Your objective: Word for word, reproduce each line of the data below, omitting every image.

Given data:
__________________________________________________

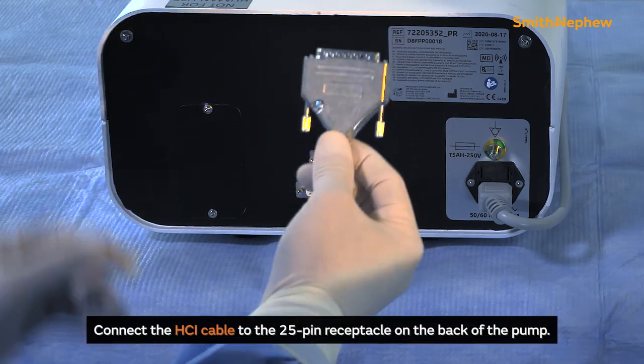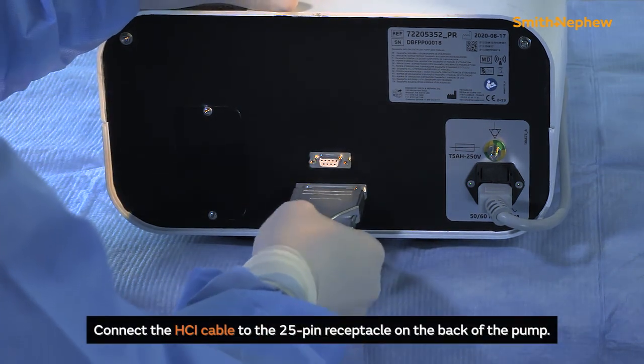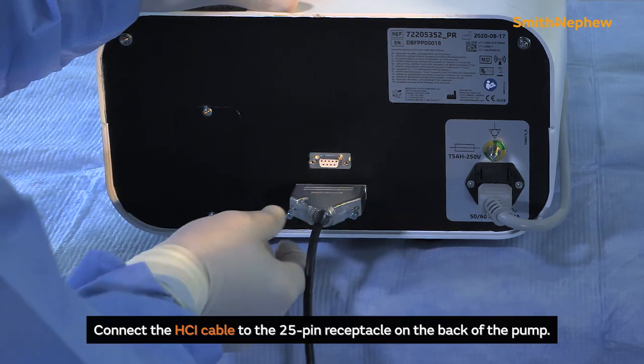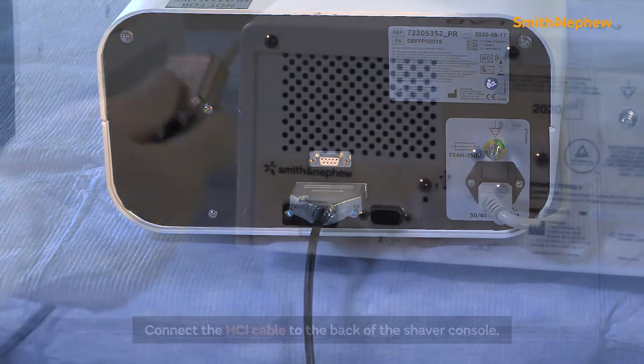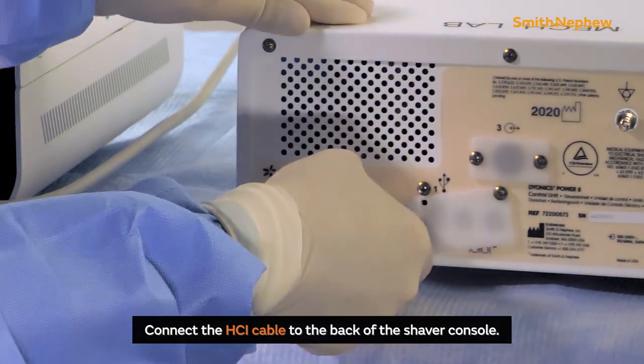When using the DoubleFlow pump with the D2 shaver handpiece, connect the HCI cable 25-pin connector to the 25-pin receptacle on the back of the pump. Connect the HCI cable to the back of the shaver console.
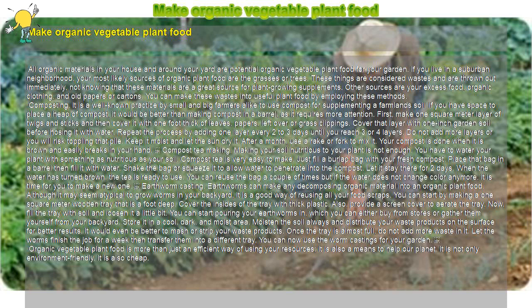Earthworm Casting. Earthworms can make any decomposing organic material into an organic plant food. Although it may seem atypical to grow worms in your backyard, it is a good way of reusing all your food scraps. You can start by making a one square meter wooden tray that is a foot deep. Cover the insides of the tray with thick plastic. Also, provide a screen cover to aerate the tray. Now, fill the tray with soil and loosen it a little bit. You can start pouring your earthworms in, which you can either buy from stores or gather them yourself from your backyard.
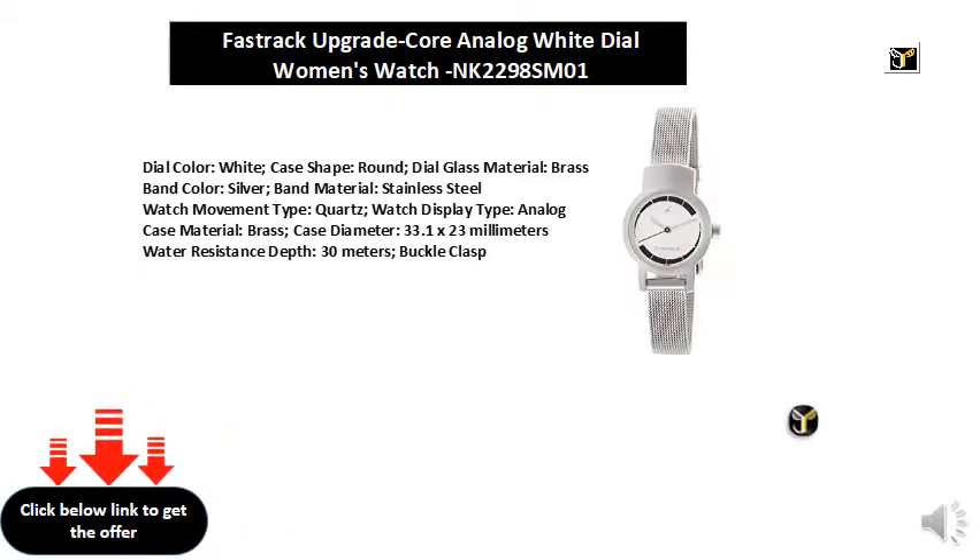Band material: stainless steel. Watch movement type: quartz. Watch display type: analog. Case material: brass. Case diameter: 33.1 x 23 millimeters. Water resistance depth: 30 meters. Buckle clasp.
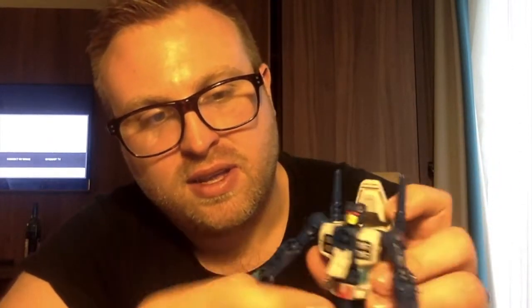You can take your Prime Armour and stick it on the front of his chest if you want that look — you do that by flipping down the chest panel. You can also stick it in his hand as a kind of fist gun. I've seen some people take out the plug and use that as a gun but I think that looks a little bit silly to be honest.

__________________________________________________

Answer section:
When using the DoubleFlow pump with the D2 shaver handpiece, connect the HCI cable 25-pin connector to the 25-pin receptacle on the back of the pump. Connect the HCI cable to the back of the shaver console.
Earthworm Casting. Earthworms can make any decomposing organic material into an organic plant food. Although it may seem atypical to grow worms in your backyard, it is a good way of reusing all your food scraps. You can start by making a one square meter wooden tray that is a foot deep. Cover the insides of the tray with thick plastic. Also, provide a screen cover to aerate the tray. Now, fill the tray with soil and loosen it a little bit. You can start pouring your earthworms in, which you can either buy from stores or gather them yourself from your backyard.
Band material: stainless steel. Watch movement type: quartz. Watch display type: analog. Case material: brass. Case diameter: 33.1 x 23 millimeters. Water resistance depth: 30 meters. Buckle clasp.
You can take your Prime Armour and stick it on the front of his chest if you want that look — you do that by flipping down the chest panel. You can also stick it in his hand as a kind of fist gun. I've seen some people take out the plug and use that as a gun but I think that looks a little bit silly to be honest.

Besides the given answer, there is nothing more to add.